An outsider looking at my career might think I’ve had moderate success, but to me, it’s been a hugely successful career. I don’t measure it in fame or a resume, but in how fulfilling has been and continues to be. And considering all the obstacles I’ve had to overcome, and how much I continue to grow and learn about life from my career, nothing could be more meaningful or satisfying. Life is a process not a result, and I learned early on that if I enjoy the process, I’ll enjoy my life.

Has it been a smooth road?
It has not ever been a smooth road for me, but one constantly riddled with adversity and rejection. From the beginning, my parents would not support me going to college if I studied acting. That changed when they saw me in my first play, but by then I was already a college graduate.

An actor is constantly faced with rejection. I’ve been told I’m too short, too old, too young, too white, too ethnic looking, too fat, not fat enough… the list can go on for days. And when I do get an audition, it is a challenge for me to express myself, instead of trying to express what I think the people looking for actors want. And it takes a lot emotionally to prepare and put oneself in front of a room of people who are there to judge me and my work. I’ve experienced people eating, talking on the phone, talking to one another, looking at their phones, walking around, all as I’m auditioning.

It can be very disheartening after all it took me to get myself there – not to be fully seen. And I’ve had the opposite. I even had one memorable audition, where I got a standing ovation from the three people auditioning me – but I never got the part or even a call back from the audition. It is a never-ending process of letting go. Not always easy, but necessary. Again, a constant challenge of enjoying the process – whatever it may be, and not the result. The satisfaction only comes in knowing I did a great job, with all the nerves and distractions, regardless of the result of a job or not.

As for singing, I knew I could carry a tune early on, and was asked to sing unexpectedly at a couple of auditions when I first started out as an actor.
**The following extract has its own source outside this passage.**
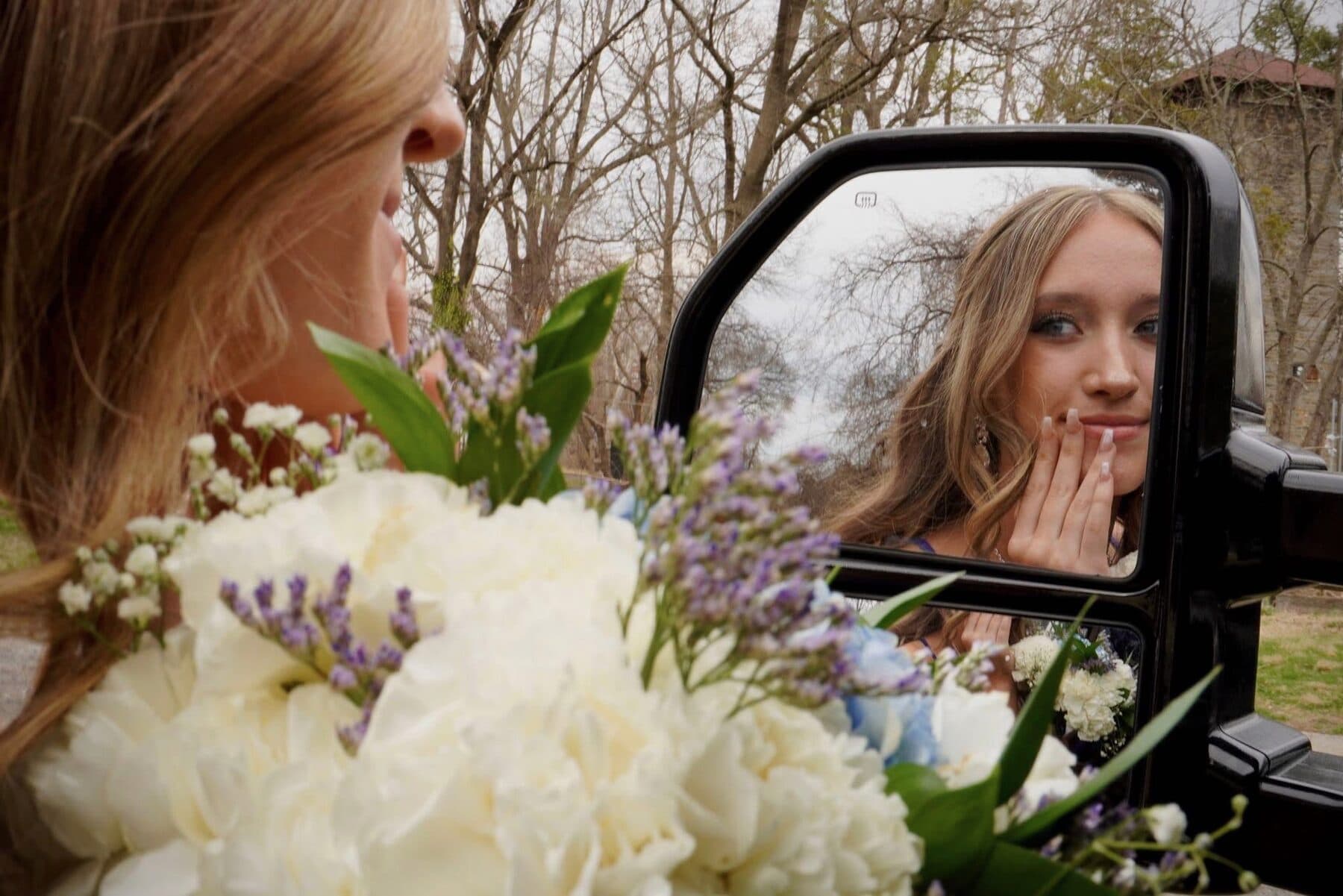 A smile caught in a truck’s side mirror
I was so nervous that I fell off pitch, so I decided to find a singing teacher and study voice to help me since I knew I could sing. My very first singing teacher told me I had a nice voice but would never be a singer, so I stopped singing for three years. Then came another disastrous singing audition. So I found another teacher, and he told me that in his 14 years of teaching, he has not seen such a rare gift – a diamond in the rough, and I must pursue singing above all else. It was at this time I relocated to Los Angeles. I found a singing teacher here who told me the same thing, and I’ve been with him ever since.

Very little has come easily to me. But the drive to express myself in this world is so strong it keeps me going in the face of obstacle after obstacle. I constantly tell myself, “doubt, fear, nerves… you don’t have to go away, you can come with me, but do not interfere with my process.” In retrospect, I can say that the obstacles have forced me to find a stronger sense of self, and become more whole as a person.
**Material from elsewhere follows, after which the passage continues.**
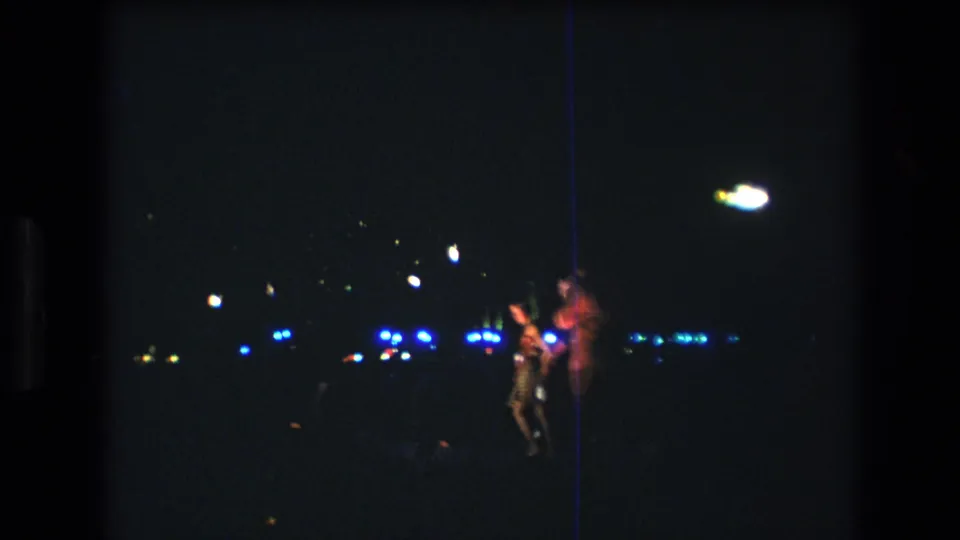 1977 Honolulu home-movie frame showing several people standing at night, with a brightly lit figure and scattered blue-white lights across the dark background.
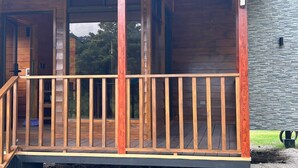 Een houten terras met een leuning, een overdekte veranda en een stenen muur op de achtergrond.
Can you give our readers some background on your music?
As an artist, I’ve discovered that my niche seems to be getting people to feel. Perhaps since I wasn’t allowed to express my feelings as a kid, and was too afraid to, I can see how important it is to feel. Pain, joy, anger, peace – all of it. People tell me time and time again that they had an emotional reaction to my work, be it a performance, a music video, or a song. I’ve always wanted to be able to feel my feelings, and have others do the same. That’s been my goal, and I will keep doing it as my main mantra in life.

Is our city a good place to do what you do?
Los Angeles is a great place, certainly for someone wanting to be in the TV, music, or film business. At the same time, it is a very competitive place and not necessarily the easiest place to meet other artists who are interested in genuinely working together on more than a specific project. So it can be an isolating place, even with the thousands of artists one comes into contact with. Nowadays, it is easier to create art anywhere. I think it is great, perhaps necessary, for an artist to have a somewhat firm sense of themselves before starting out. Then you can live and work anyplace, including a creative isolating, tough town like Los Angeles.